Forum Moderators: open

Message Too Old, No Replies

Spiders to pick up my articles?

Only my main page is listed on the major search engines

         

TommyJoc

10:13 am on May 4, 2003 (gmt 0)

10+ Year Member



Hey all,

My website have been indexed by most of the major search engines, but even though I see their spiders visiting my site creating hits, my main page is the only one indexed.

Many of my pages are for instance help pages (www.mysite.com/Help/HelpTopic1.php and so on), but many of my pages are also articles (www.mysite.com/Articles/View.php?articleid=12345).

There are new articles everyday, and I link to the 10 most recent on my mainpage.

My main page have nice PR for some keywords, and the page is also linked to by many other websites. They all link to my mainpage tho, not my help files or articles.

What can I do to have the search engines picking up and indexing my other pages?

Any help is much appreciated! =)

takagi

10:21 am on May 4, 2003 (gmt 0)

WebmasterWorld Senior Member 10+ Year Member



Hi TommyJoc, welcome to WebmasterWorld. If the homepage is indexed but the sub pages not, then you might need a site map. In the long term Google will only index pages that have at least 1 link to it. So if you update the 10 last added pages, then Google could decide to remove the older articles if no other link can be found.

TommyJoc

1:55 pm on May 4, 2003 (gmt 0)

10+ Year Member



Hey Takagi, thanks for the answer.

I do have a site map actually. On all my pages I have a left side navigation bar that link directly to some of my help pages, and also to the sitemap. The sitemap then links to every help page there is.

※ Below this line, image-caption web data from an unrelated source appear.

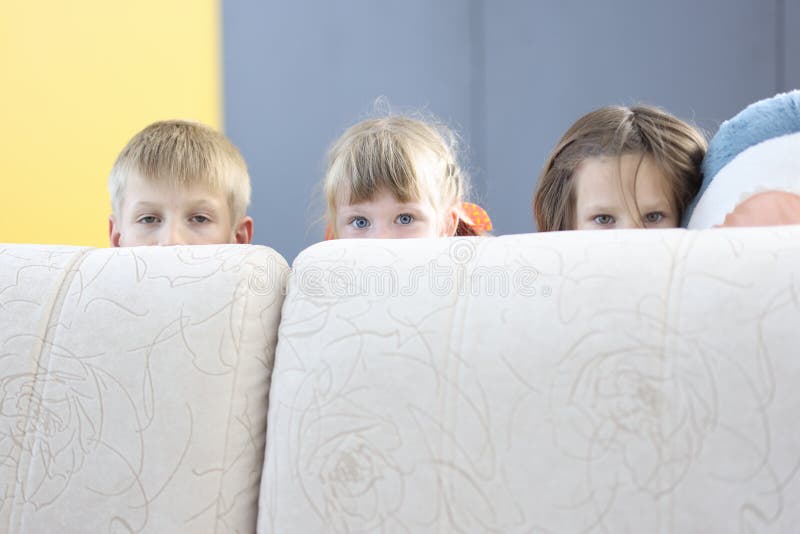 Hide And Seek On The Sofa Boy and Two Girls Hide Behind Sofa and Look Out. Stock Image - Image of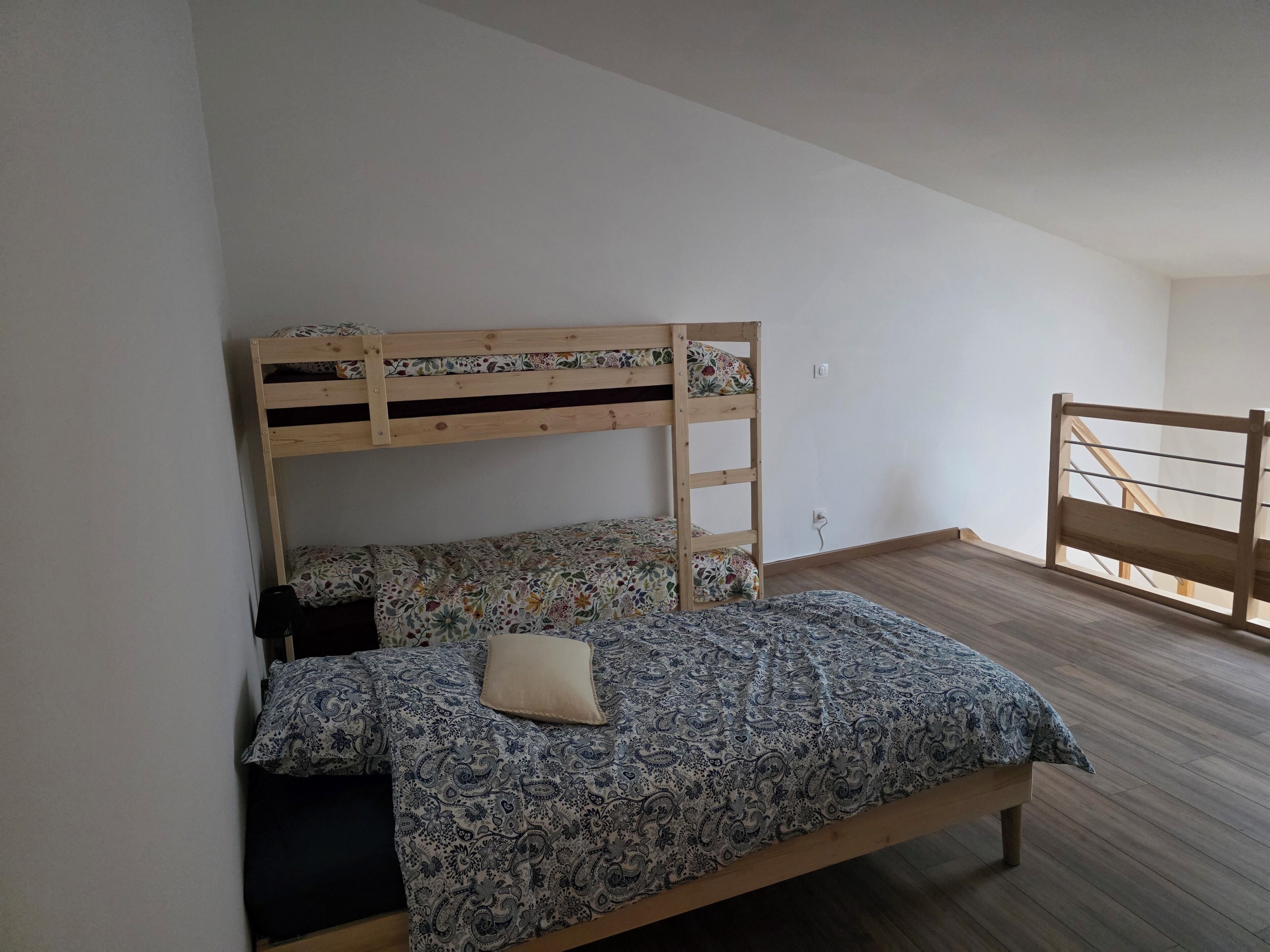Un lit superposé avec une couvre-lit à motifs floraux et un seul oreiller.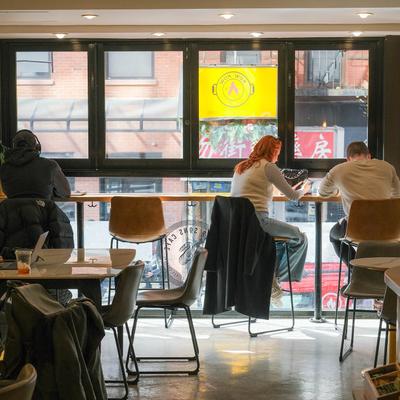 Guests sitting at tables.
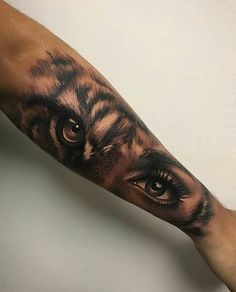 an arm with a tiger's eye on it and the bottom half of its arm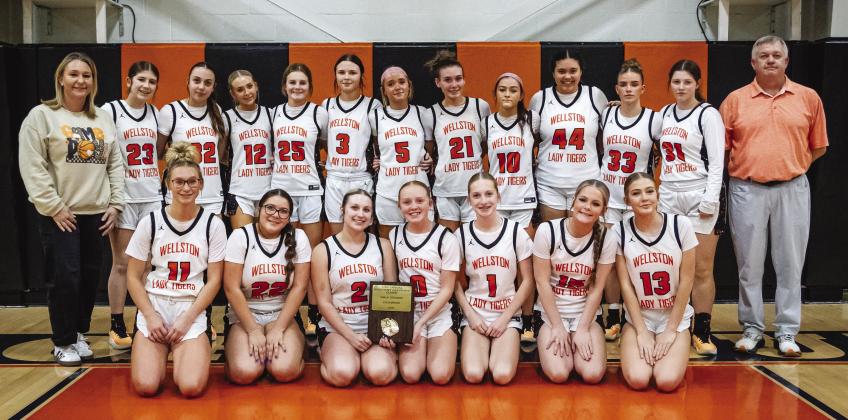 Wellston’s Lady Tigers pose Saturday night with the championship plaque from the Davenport Hardwood Classic. The WLTs beat Meeker, 27-21, in the championship game to remain unbeaten. Photo/Jeremy Self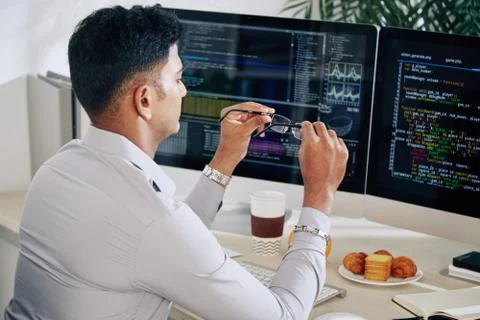 Developer taking off glasses 写真素材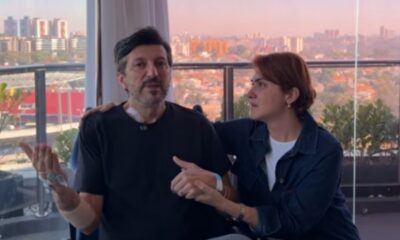 Homem e mulher em varanda, ele com aparelho no pescoço, de mãos dadas, com vista urbana.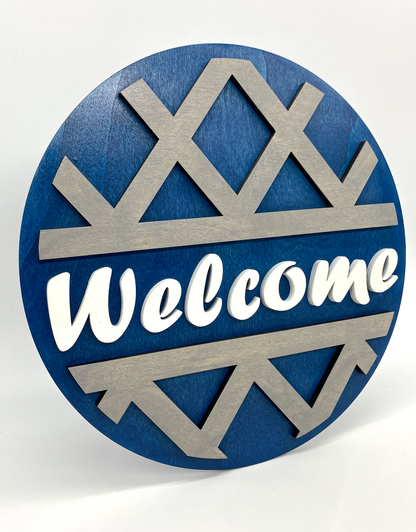 Decorative sign with 'Welcome' text on a blue and silver design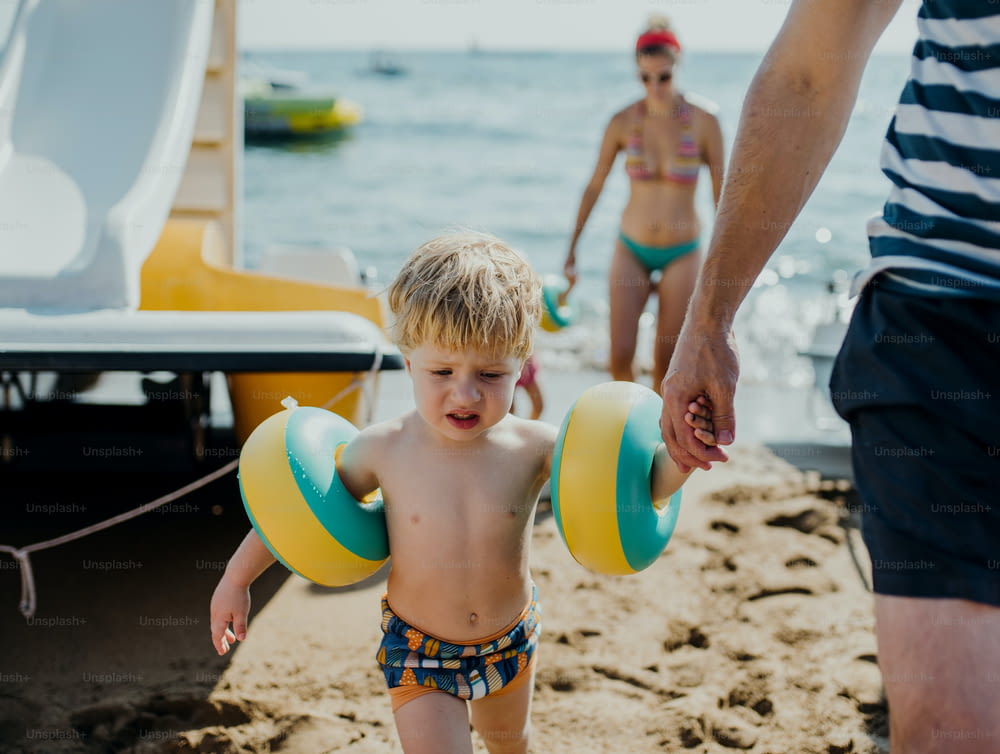 Una familia con dos niños pequeños caminando por la playa en vacaciones de verano.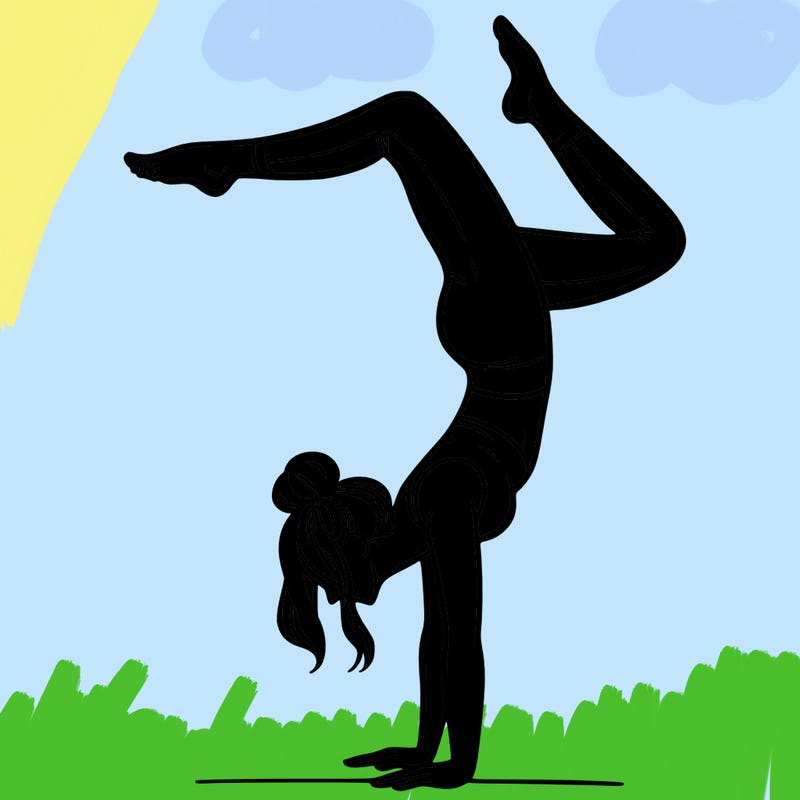 a woman doing a handstand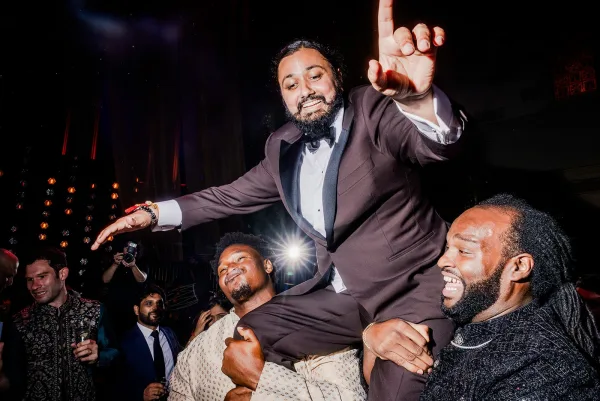 Wedding dance floor scene with groom in tuxedo lifted in a chair by friends, bow tie and wristwatch visible as guests cheer in dark reception lighting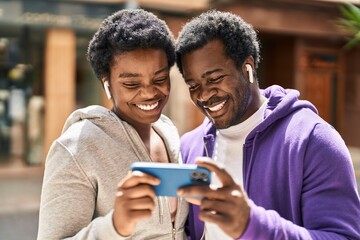 African american man and woman couple watching video on smartphone at street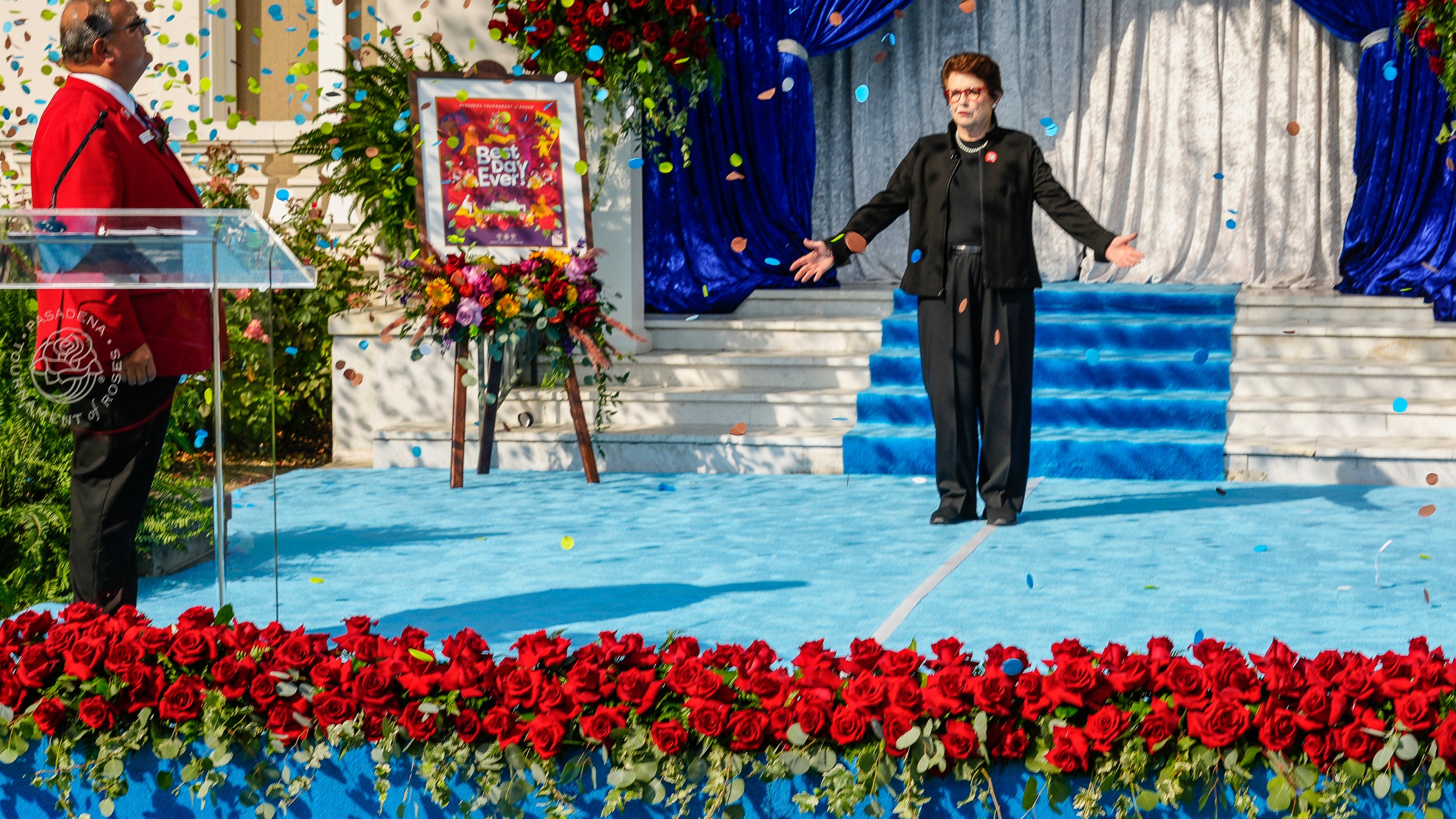 Tennis great Billie Jean King gestures as she is introduced by Roses President Ed Morales, left, as grand marshal of the 136th Rose Parade next year on the front steps of the Tournament House in Pasadena, Calif., Monday, Oct. 7, 2024. (AP Photo/Damian Dovarganes)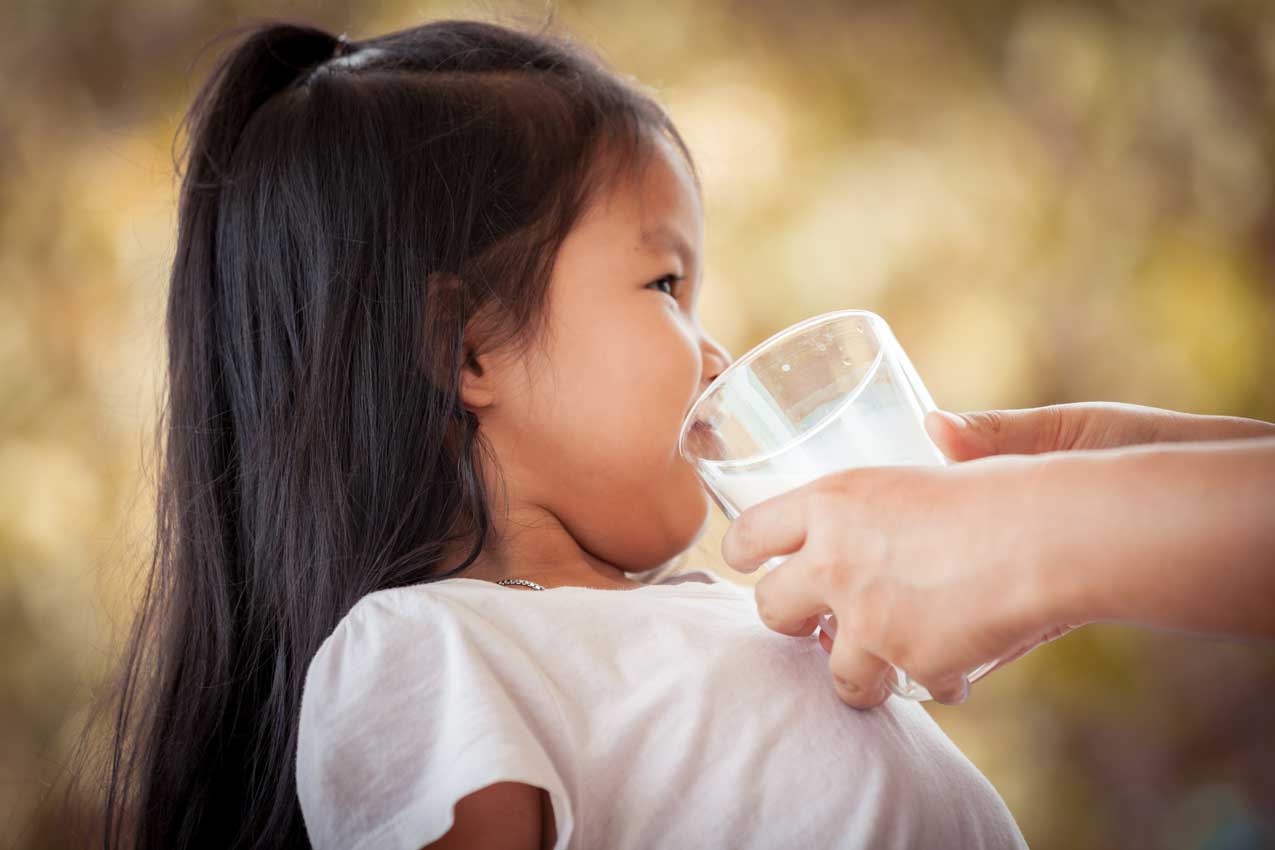Kleines Mädchen trinkt aus einem Wasserglas, das eine Erwachsenenhand ihm hinhält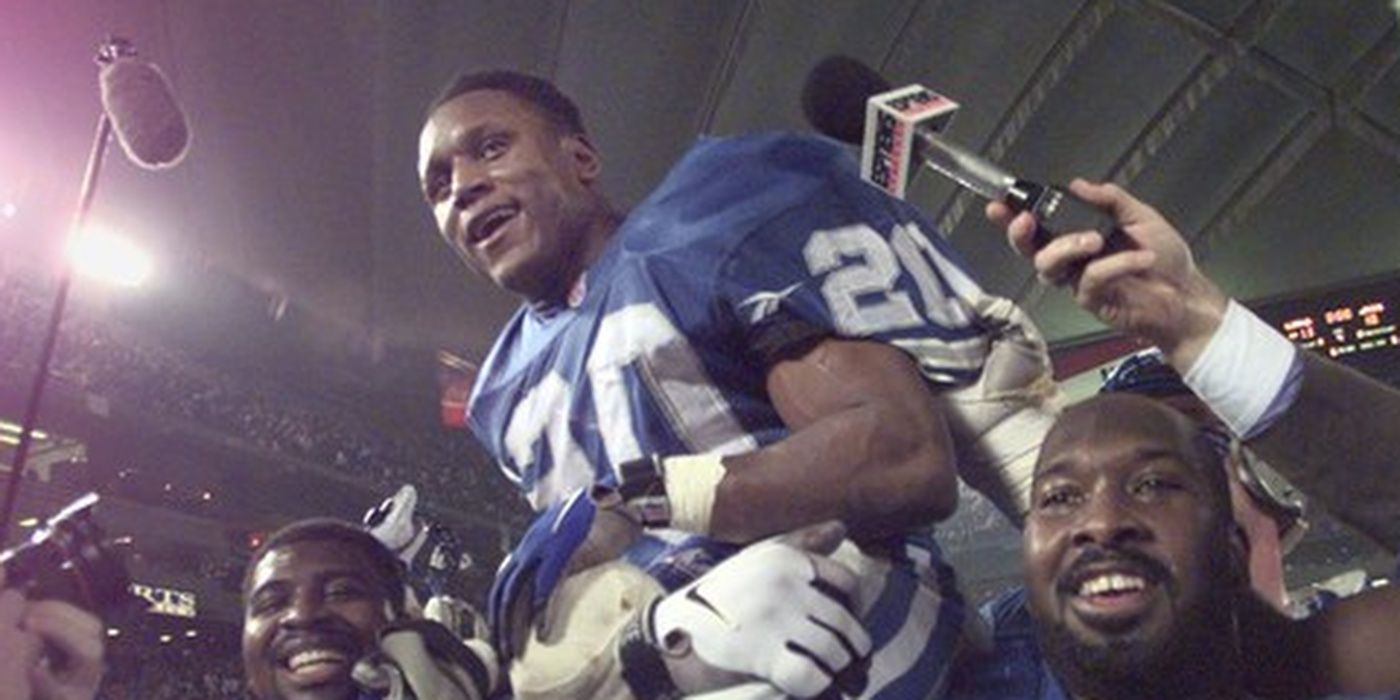 Barry Sanders held up inside a football stadium with microphones around him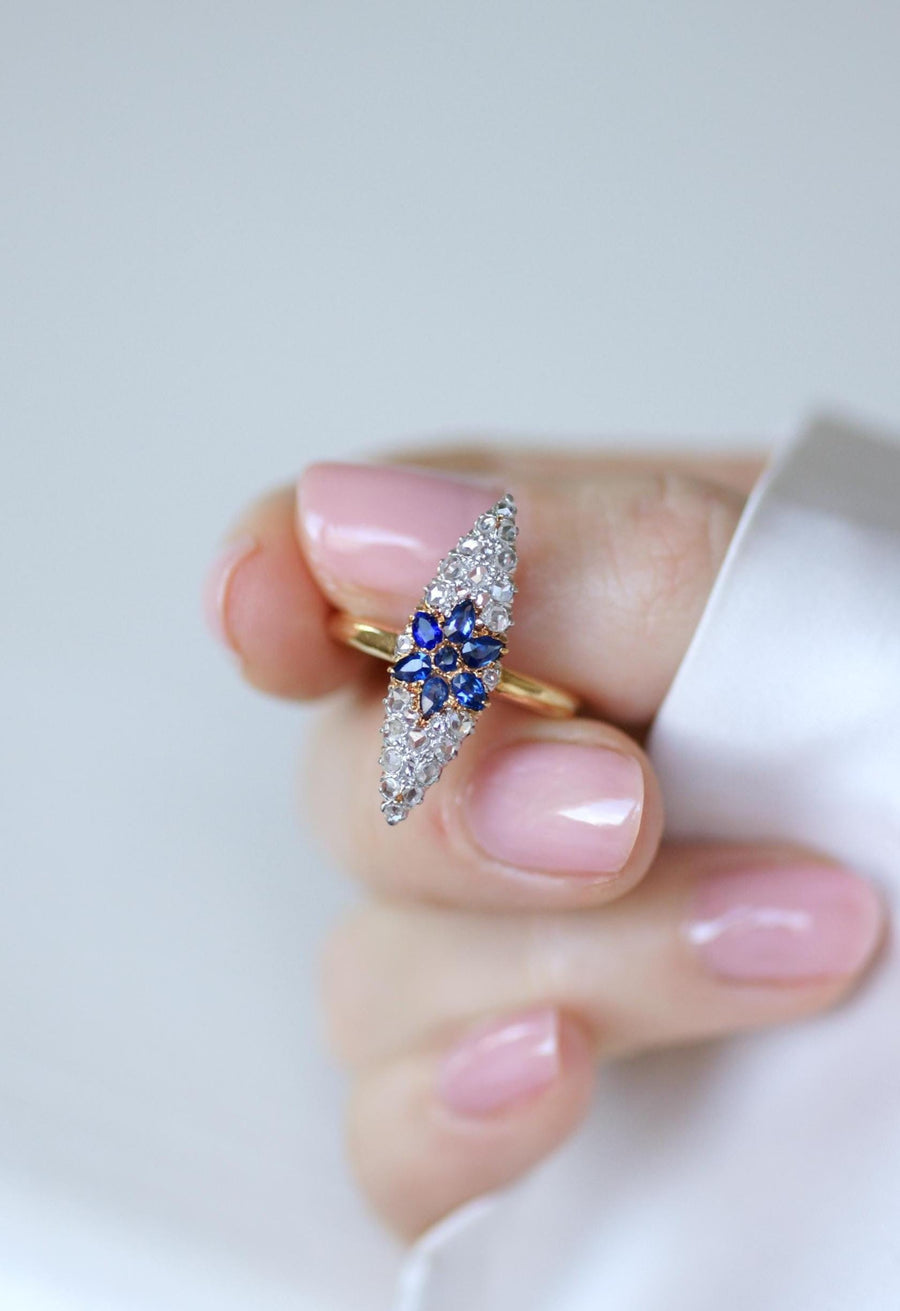 Antique Marquise Sapphire Star Ring Surrounded by Diamonds on Yellow Gold and Platinum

When it comes to the articles, the links may stay on the main page for a day or two and then be rotated out. The article still exist but can only be accessed through a search.

Still, only my main page is indexed. How long after i.e. the googlebot hits a site will it's new findings be added to the google-index?

Thanks,

-Tommy

takagi

2:07 pm on May 4, 2003 (gmt 0)

WebmasterWorld Senior Member 10+ Year Member



Hi Tommy,

If the sitemap is not indexed, it won't help for the other sub pages.

Few questions to better understand the problem
1. When did you see the homepage of your site for the first time in the SERP (Search Engine Results Page)? In other words, is this a very new site?
2. Do you use JavaScript to handle the navigation bar?
3. Do you use frames to display the navigation bar?
4. Do you use a robots.txt or a META with similar function?
5. How do you check the number of pages indexed? Search for:

site:www.mydomain.com -blablabla

and you will see all the pages from the site that miss the string 'blablabla' (i.e. including the pages found but not yet indexed).

pageoneresults

5:14 pm on May 4, 2003 (gmt 0)

WebmasterWorld Senior Member 10+ Year Member Top Contributors Of The Month



Have you checked to make sure that those pages are spider friendly?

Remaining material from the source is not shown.